After the Elder Shingoose’s teaching, a safety briefing by Karen Chow, and other formalities, people joined their Team Leads and ventured up the hill with their boxes of tender seedlings. Bit by bit the forest took shape as holes were dug, to be filled with rich soil and mycorrhizal fungi. Each tree sapling was marked by a red flag.  Many thanks to Team Leads Rob, Heather, Tom, Lindsay, Karen, Kevin, Andrea, Sasha, Fran and Lance who worked with their groups of 3-8 volunteers, all excited to join into the process and figure it out as they went along. 

Under the shade tent a table had been set up for painting stones for the forest, this task was taken on by the elders and youth of the Calgary Centre for Spiritual Living. It’s also an important task to bring beautiful art into the forest, and a way for those who cannot bend or climb the hill to capture the energy and joy of the day in their own special ways. 

By the time lunch was served two and a half hours later, over half the forest had been planted. We were honoured to hear Motunrayo Amore share her Nigerian experiences of listening to songs being sung to the trees while being planted in her home country.. 

If a single person had been doing all this work over 6-hour days, it would have taken 38 days to complete. This is the power of community! This is the power of coming together with a common goal of rebuilding the urban forest of Calgary for the benefit of all citizens. 

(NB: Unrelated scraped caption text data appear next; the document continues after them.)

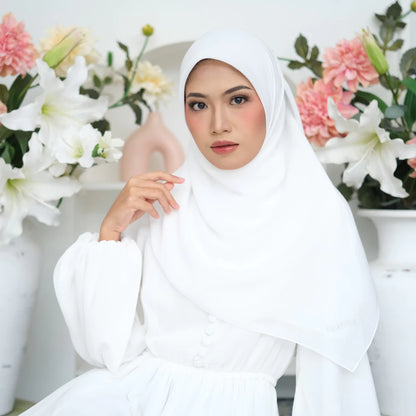 Emilya Plain Scarf | Hijab | Jilbab Segi empat swarovski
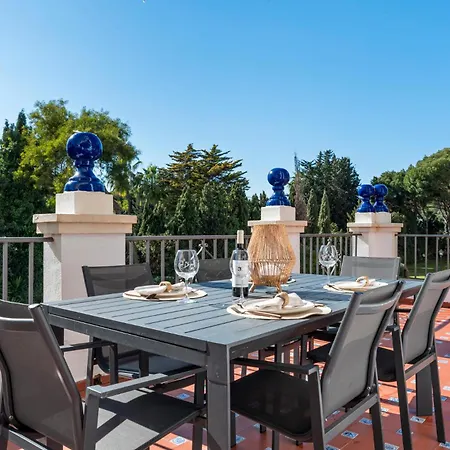 Апартаменти 2 Bdr Next To The In Puerto Banus *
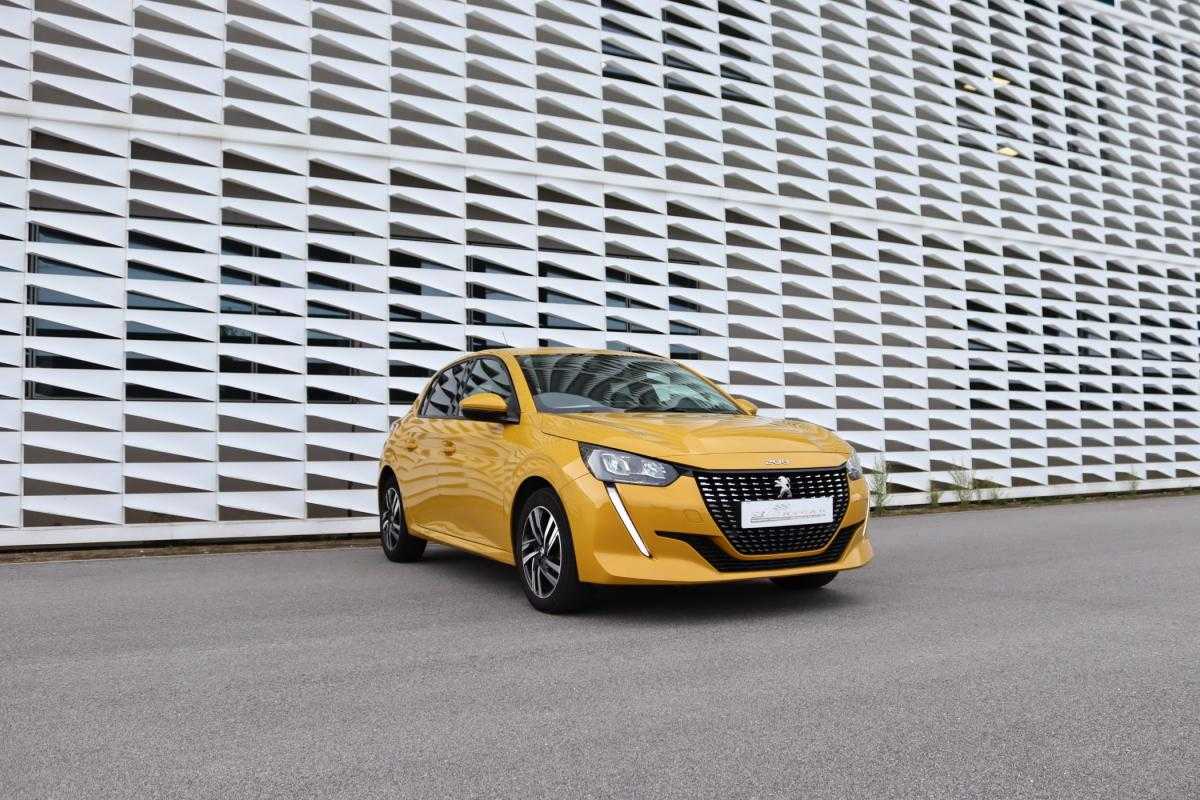 peugeot-208-2015-diesel-1499cc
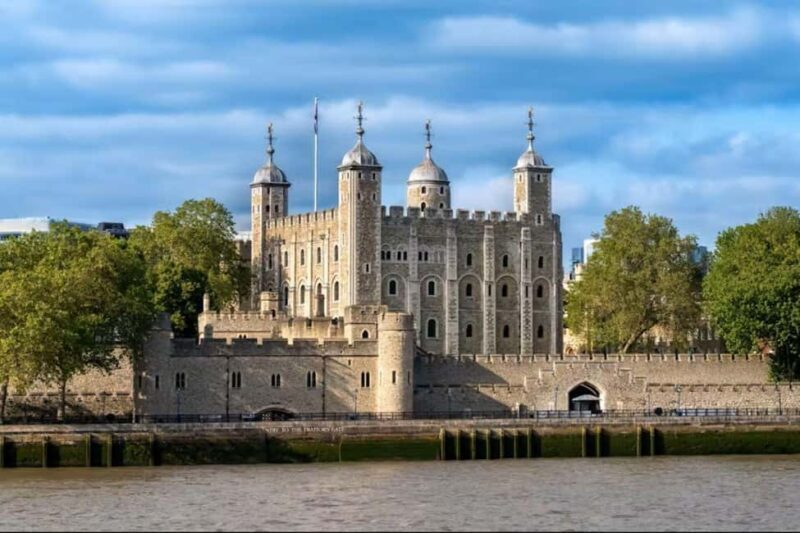 London: Tower of London and Crown Jewels Private Guided Tour - Why This Tour Works Well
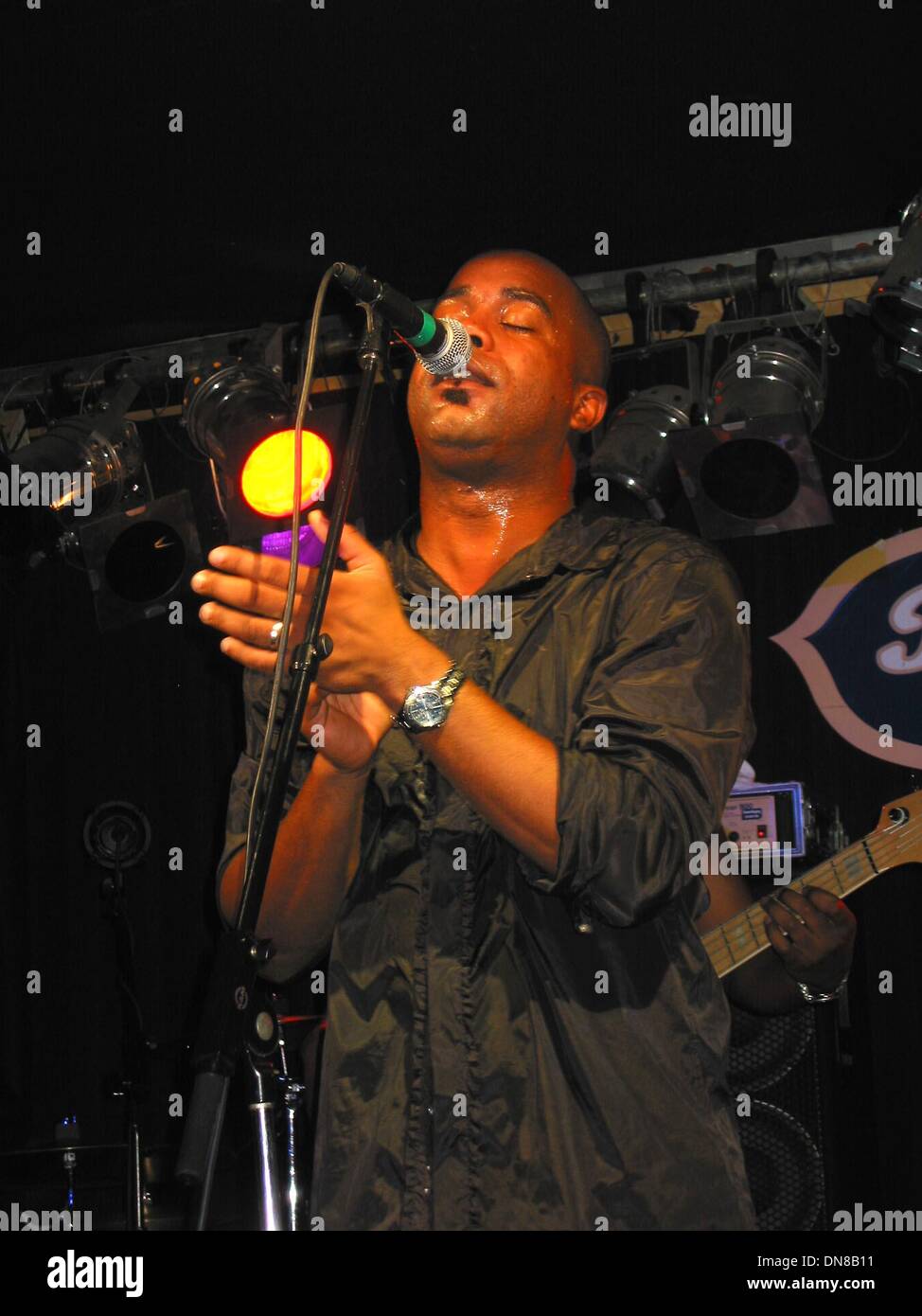 1. Januar 1980 - K25782JKRON DARIUS RUCKER führt bei BB KING BLUES CLUB &AMP; GRILL, NYC 05.08.02. JOHN KRONDES / 2002. (Kredit-Bild: © Globe Photos/ZUMAPRESS.com) Stockfoto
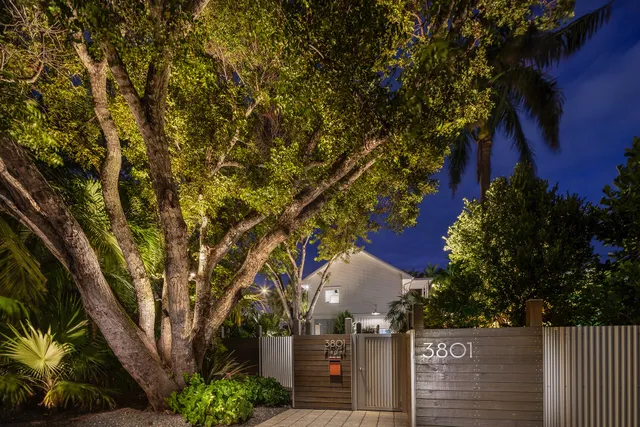 $1,995,000 | 3801 Flagler Avenue, Key West, FL 33040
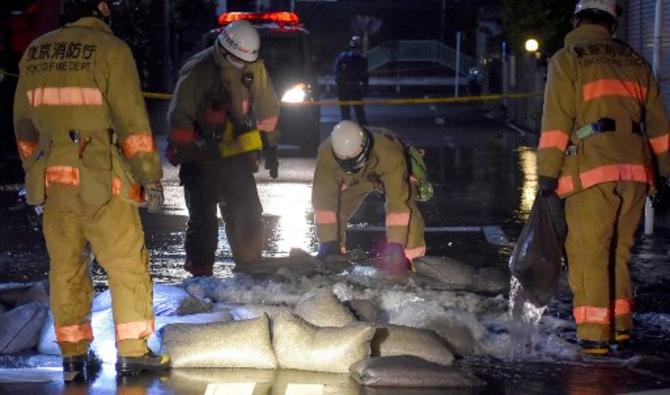 Des pompiers tentent de réparer une conduite d'eau cassée à Tokyo, le 7 octobre 2021 (Photo, AFP)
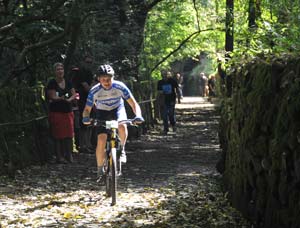 Cycling up the Buttress  - photo: HebWeb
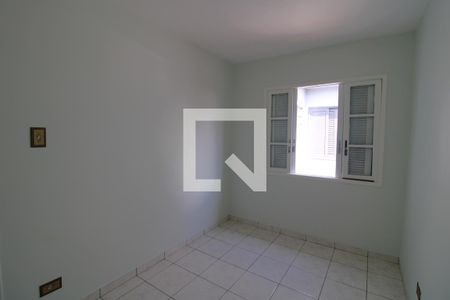 Casa à venda com 120m², 4 quartos e 2 vagasQuarto 1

A small forest will sequester carbon with a single mature tree absorbing about 10 kilograms of carbon per year. Once grown, the 220 trees alone will remove approximately 2.2 tonnes of carbon per year. These trees will clean wildfire smoke and car-smog from the air, improving our respiratory health and giving us fresher air to breath. The trees and soil regenerated by the forest will absorb rainfall more quickly than grass lawns can, which reduces run-off and flooding and can restore the underground water table reserves. 

The shade from the tree canopy will reduce the heat of the field and provide a place of refuge from the intense summer sunlight. Shade near a building can also reduce air conditioning costs. In the winter months, trees block the wind and decrease the cost of heating nearby buildings. 

These trees will provide habitat for birds, beneficial insects and wildlife, and a more stable ecosystem will reduce the need for petrochemical herbicides and pesticides. As the leaves fall and compost into their soil, this will rebuild the nutrients into depleted topsoil and eliminate the need for fertilizers. This may be a small forest, but its impact has wide reaching implications not only to the people in the immediate area, who will benefit from this beautiful forest space, but for all things living in Calgary, including the Swanson’s hawks.

None of this would’ve been possible without bringing together a team of people who can see within their mind’s eye a vision of the future that is better than the one we are in today. With conviction, motivation and tools in hands, they restore to Mother Earth that which we have taken from her. Trees taken for buildings and paper products and cleared for urban sprawl.  

We are grateful for what Mother Earth gives to us so generously, we are grateful for the abundance of this planet Earth we call home. By acting with gratitude, we become aware of our responsibilities to return as much as we take, to give in reciprocal relationships with the Earth and all her creatures, between us and those who are All our Relations.